Parents E.H. and J.H. appeal from the court’s order extending dependency jurisdiction over their four minor children, and challenge the dispositional orders of the court. They argue that the orders are not supported by substantial evidence. We find substantial evidence to support dependency jurisdiction only as to the child B.H. and reverse as to his three siblings. The parents’ only challenge to the dispositional order was that there was no basis for jurisdiction, so we affirm that order as to B.H. and reverse it as to the other children.
FACTUAL AND PROCEDURAL SUMMARY
According to the detention report, the Department of Children and Family Services (the Department) received an immediate response referral on June 24, 2008, alleging that W.H., then three years old, was found wandering unsupervised in the driveway at parents’ residence. The referral stated that father was heard hitting the child and yelling at him, and that the child was locked in a closet. An emergency social worker responded. Parents said they recently had moved into the apartment, and had put a chain high up on the front door to stop W.H. from leaving the apartment.
The worker observed that another child, B.H. (two years old), was very pale. Mother said he suffered from anemia and that she and father were opposed to immunizations and that the children had not been immunized. Mother gave the name and telephone number of the doctor who examined all the children, Dr. Cho. A public health nurse contacted Dr. Cho’s office and was told that on April 14, 2008, B.H.’s hemoglobin level was 5.8, which was severely low. A complete blood count was ordered by Dr. Cho. The nurse said that the expected minimum level of hemoglobin is 13. B.H. was also seen by Dr. Cho on June 30, 2008 for a rash. Mother told the doctor that she did not believe in immunizations or blood tests. She said that Dr. Cho did not tell her B.H.’s condition was serious and she was unaware of the immediate need to have complete blood work performed.
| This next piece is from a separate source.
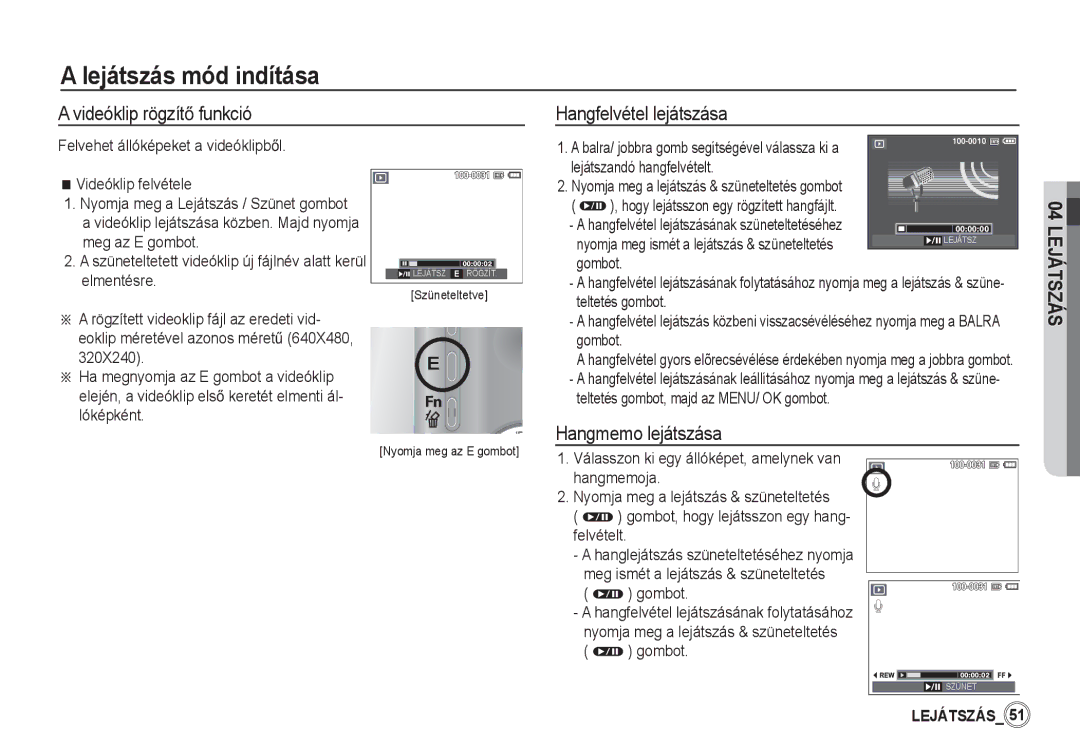 Samsung EC-S1050BBA/FR, EC-S1060BDA/E3 manual Videóklip rögzítĘ funkció, Hangfelvétel lejátszása, Hangmemo lejátszása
A team decisionmaking meeting was held on August 1, 2008, with family members and representatives of the Department. The parents said they had transferred B.H.’s care to a new physician, Dr. De La Cruz, who had examined him. Dr. De La Cruz recommended a blood test that day, but because of the team decisionmaking meeting, it had been postponed until the following Monday. During the meeting, voluntary services were offered to the family because of the Department’s concern there was a high risk of neglect. The parents declined the offer, saying they would prefer to “‘try their luck in Court.’” Representatives of the Department discussed the circumstances, including prior referrals of neglect and failure to provide medical care, and decided to file a non-detained petition.
The public health nurse spoke with the Dr. De La Cruz in early August 2008. The doctor said she had seen the family “in length” and that B.H.’s hemoglobin level was 7.4, which was still severely low. Additional tests were pending and a referral to a hematologist was made. In Dr. De La Cruz’s opinion, the family would benefit from the Department’s supervision due to the parents’ noncompliance and her interview with mother, which was not described.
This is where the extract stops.